Chart showing energy price spread for specific days in each month in 2024 (no commodity charges).

These high charges are exacerbated by non-commodity charges, which are often higher in periods of high demand.

Chart showing energy price spread for specific days in each month in 2024 (with commodity charges).

For example, companies are required to pay variable Distribution Use of System (DUoS) charges to cover the costs of maintaining and operating electricity distribution systems. These are set considerably higher during periods of high demand, such as the early evening peak. Similarly, payments for the Capacity Mechanism are only made during peak winter periods and are expected to rise significantly over the coming years:

2024–25 Delivery Year

Implied CM charge (peak periods): ~£116/MWh, i.e. ~11.6 p/kWh during 16:00–19:00.

2025–26 Delivery Year

Implied CM charge (peak periods): ~£130–135/MWh (≈13 p/kWh).

2026–27 Delivery Year

Implied CM charge (peak periods): ~£240/MWh (approximate; ~24 p/kWh)

2027–28 Delivery Year

Implied CM charge (peak periods): ~£250–260/MWh (≈25–26 p/kWh)

Playing off the extremes

For I&C consumers with the ability to flex their demand, these new market realities provide opportunities to reduce their energy costs. For example, refrigeration units could be ramped up during periods of low or negative prices and temporarily turned off when prices are high. Electric vehicle charging could be timed to avoid peak periods, or building air conditioning systems could be turned down in response to price spikes.

Similarly, these variable prices also help to reinforce the economics of behind the meter battery storage systems.
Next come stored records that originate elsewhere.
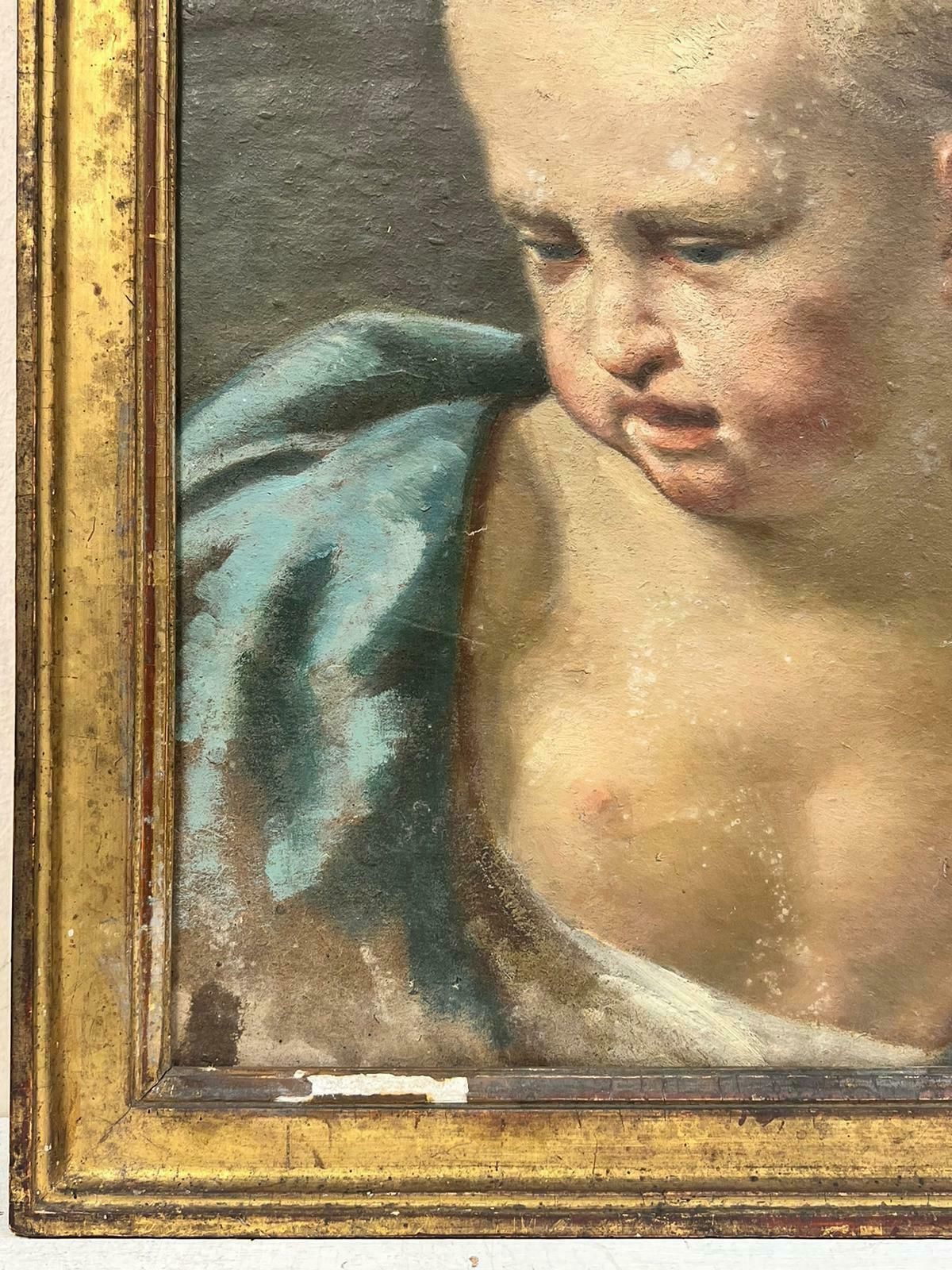 French School1800’s French Rococo Oil Portrait Of Young Girl Pink Bow Blue Dress To Restore photo for sale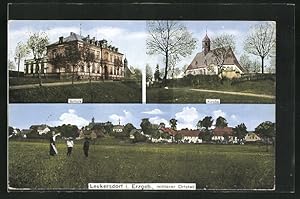 Ansichtskarte Leukersdorf i. Erzg., Schule und Kirche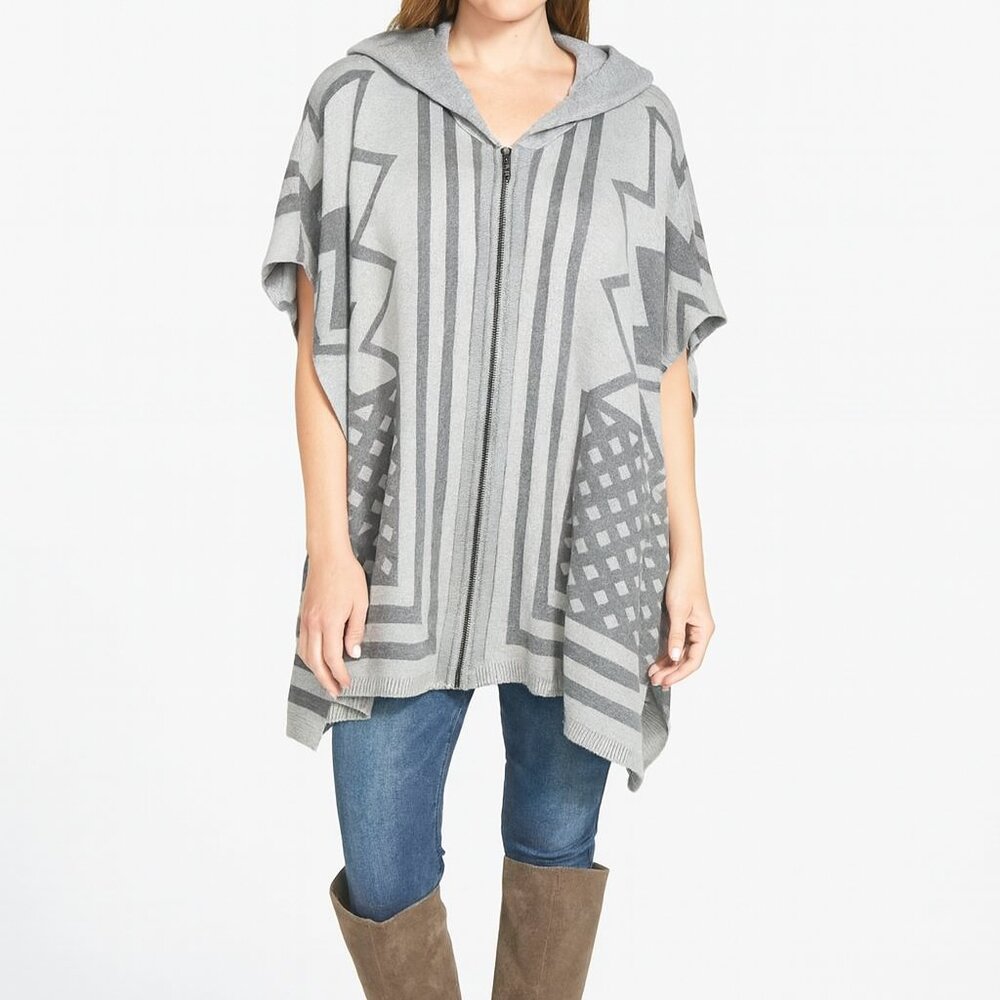 Walter Baker Reza Poncho Hooded Sweater Zip Tunic
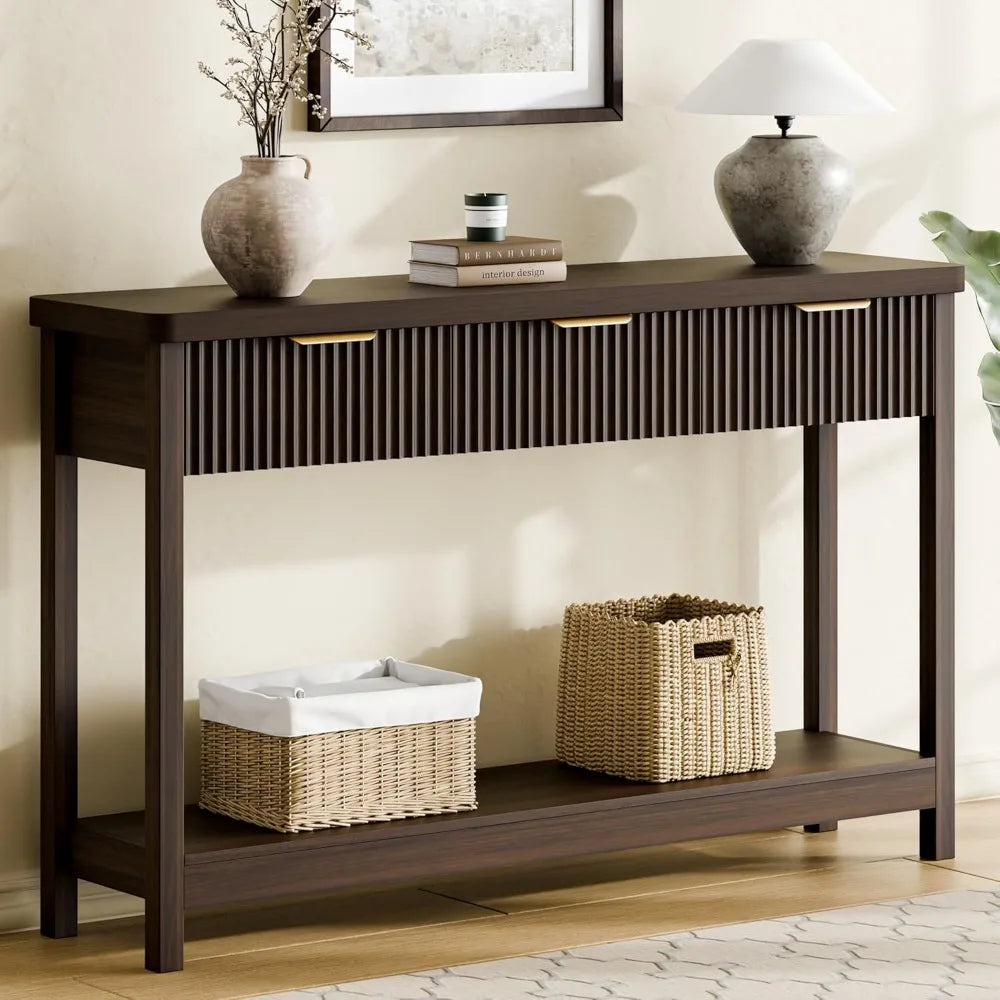 51 Fluted Console Table for Entryway,  with 3 Wooden Drawers,  Behind Sofa Table for Living Room,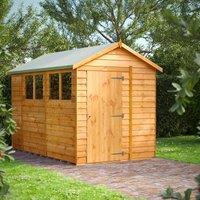 10X6 Power Overlap Apex Shed, Brown
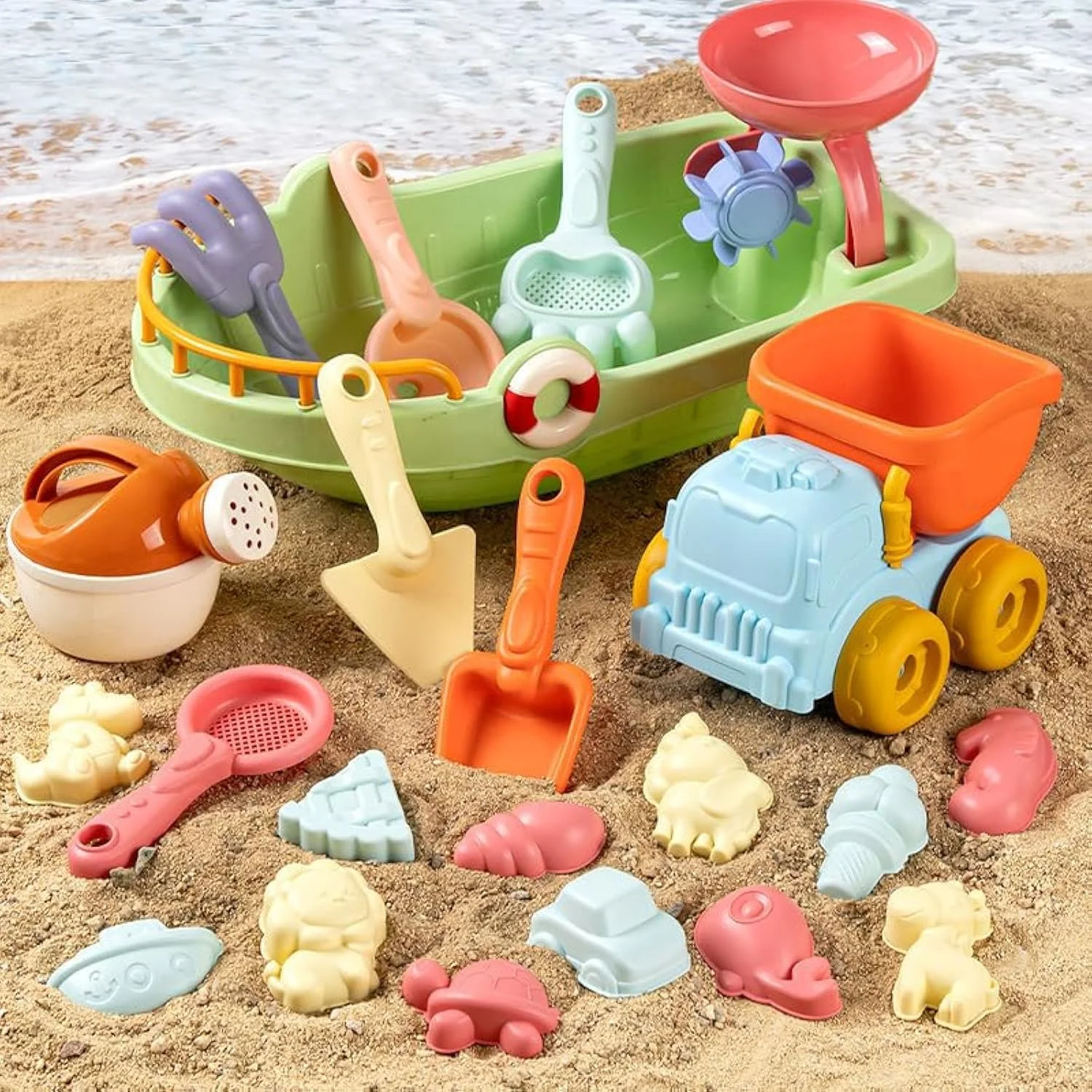 اسباب بازی های ساحلی AM ANNA برای کودکان نوپا - مجموعه 21 عددی شامل سطل ساحلی، کامیون اسباب بازی، قالب های شن، بیل، چنگک و آبپاش، اسباب بازی های فضای باز تابستانی برای پسران و دختران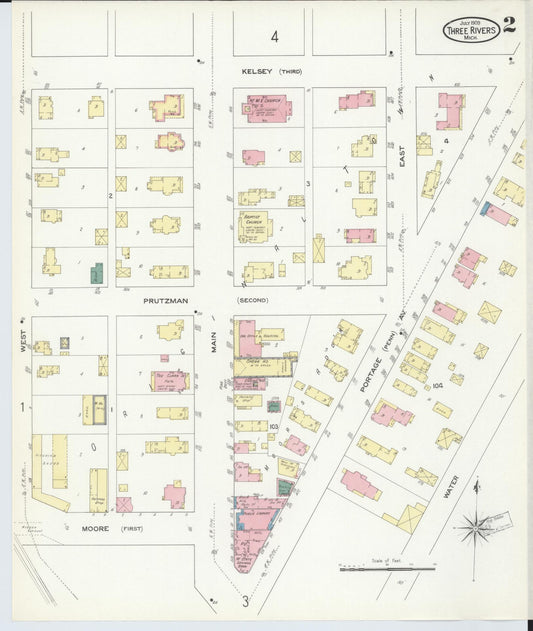 Sanborn Fire Insurance Map from Three Rivers, Saint Joseph County, Michigan (1909), Sheet #0002 - Historic Sanborn Fire Insurance Map Print, vintage old map wall art, antique decor, genealogy gift, Michigan Michigan map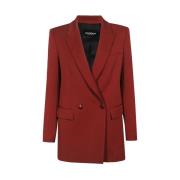 Dubbelrijige blazer met zakken Dondup , Red , Dames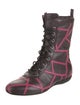 Salvatore Ferragamo x Yohji Yamamoto Leather Printed Lace-Up Boots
Such systems can allow users to arbitrage between low and high prices, as well as providing back-up power as required.

Longer-term, there is potential for new energy-intensive production models to emerge that build in the ability to flex production, and hence power demand, in response to power prices. Currently, most industrial processes are designed to operate 24 hours a day. While reducing that to 18 hours would increase the time needed to recover the capital investment, the flexibility provided to take advantage of power price volatility could more than offset increased financing costs.

A more dynamic world

These are complex decisions to take, with significant implications for companies that seek to pursue a more dynamic approach to their power consumption. But they demonstrate that consumers do not need to be passive actors in the face of the higher power prices that, at least in the medium term, are needed to finance the energy transition.